With flu season among us, many people dress warmer, wash their hands more frequently and may even make an appointment to receive a flu shot. Faculty members and students alike are not immune to these illnesses, and thus must be prepared to fight them. “
Vaccines have been incredibly important for reducing or eliminating various infectious diseases,” said Professor of Genetics and Immunology, Eric Calhoun.
Outbreaks of illnesses such as the flu are very common, happening almost every year. This month, schools in multiple states were forced to shut down due to lack of student and teacher presence. More than 20 states have reported high activity in flu-like illnesses.
Along with school cancellations, some hospitals are also asking individuals to limit their visitations with loved ones.
It seems as if there’s an influenza outbreak each year, and a different strain each time. Doctors and immunologists attempt to offer vaccinations for the particular strain going around, and it is up to everyone as to whether or not they feel as though they need the immunization.
“I think vaccinations are a wonderful invention because the mortality rates of many deadly diseases have plummeted,” said Courtney Smith (‘21). “I get my yearly flu shot, and any time there is a disease outbreak, such as hepatitis A, I get vaccinated for that as well.”
Alma College has its own immunization requirements, and proof must be shown before students may begin attending classes. There are some vaccinations, such as the one for meningitis, that are required among all students, whether they be in grade school or at the collegiate level. While the college follows these requirements, there are some vaccinations that students have a choice of whether or not they will receive it, such as the vaccine for influenza.
“That’s the one that I don’t get regularly,” said Katie Bailey (‘22) in regards to the flu vaccination. “[How often I get sick] depends. It depends on how stressed I am and how well I’m taking care of myself. I’ve never gotten seriously sick.”
Some may not want to be vaccinated due to the worry that they will get sick, but some students feel otherwise. “I know that [vaccines] work, it’s that simple,” said Alex Baird (‘19). “It’s just annoying that people actively ignore evidence that we have.”

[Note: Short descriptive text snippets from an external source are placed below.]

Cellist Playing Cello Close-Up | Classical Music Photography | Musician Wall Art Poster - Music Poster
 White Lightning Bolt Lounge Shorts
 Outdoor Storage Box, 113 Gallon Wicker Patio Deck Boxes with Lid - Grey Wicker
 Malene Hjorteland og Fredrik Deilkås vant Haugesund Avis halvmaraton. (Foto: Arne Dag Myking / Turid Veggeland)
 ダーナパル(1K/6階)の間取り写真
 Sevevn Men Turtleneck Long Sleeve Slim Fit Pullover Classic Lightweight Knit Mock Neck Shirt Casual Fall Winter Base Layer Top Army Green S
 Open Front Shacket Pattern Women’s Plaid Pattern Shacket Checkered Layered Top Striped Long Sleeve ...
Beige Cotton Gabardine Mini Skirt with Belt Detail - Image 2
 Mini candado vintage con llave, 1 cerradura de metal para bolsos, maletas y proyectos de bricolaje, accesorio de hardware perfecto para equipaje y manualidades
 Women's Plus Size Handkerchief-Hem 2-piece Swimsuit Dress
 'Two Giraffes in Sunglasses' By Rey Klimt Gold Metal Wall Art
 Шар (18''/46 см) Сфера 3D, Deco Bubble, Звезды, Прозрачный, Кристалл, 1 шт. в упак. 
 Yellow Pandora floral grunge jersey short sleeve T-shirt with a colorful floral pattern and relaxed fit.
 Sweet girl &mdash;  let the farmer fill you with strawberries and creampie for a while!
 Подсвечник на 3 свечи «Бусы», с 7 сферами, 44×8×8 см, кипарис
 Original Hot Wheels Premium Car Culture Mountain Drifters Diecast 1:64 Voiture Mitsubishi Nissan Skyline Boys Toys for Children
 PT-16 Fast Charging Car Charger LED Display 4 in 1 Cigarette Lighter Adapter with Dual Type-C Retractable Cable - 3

“I feel like everyone needs [vaccines],” said Bailey. Making sure to remain healthy is extremely important, especially to the busy college student. Some students encourage getting your vaccinations as a way of doing this.
“Vaccinations ‘trick’ your immune system into thinking that you’ve got whatever sickness you’re trying to be immunized for, thus allowing your immune cells to create a memory of that illness so that they can better fight it off next time,” said Calhoun.
The Wilcox Medical Center here at Alma College offers immunizations such as typhoid, hepatitis A and B, as well as the influenza shot.
Many students and faculty members feel as though it is important that students are making smart decisions when it comes to cleanliness. As the flu season rages on, it’s important to remember to practice healthy actions when doing daily tasks.
“Wash your hands before you eat, after you go to the bathroom, before touching your face. Also, cough into your elbow as opposed to on your hands to avoid getting others sick,” said Smith.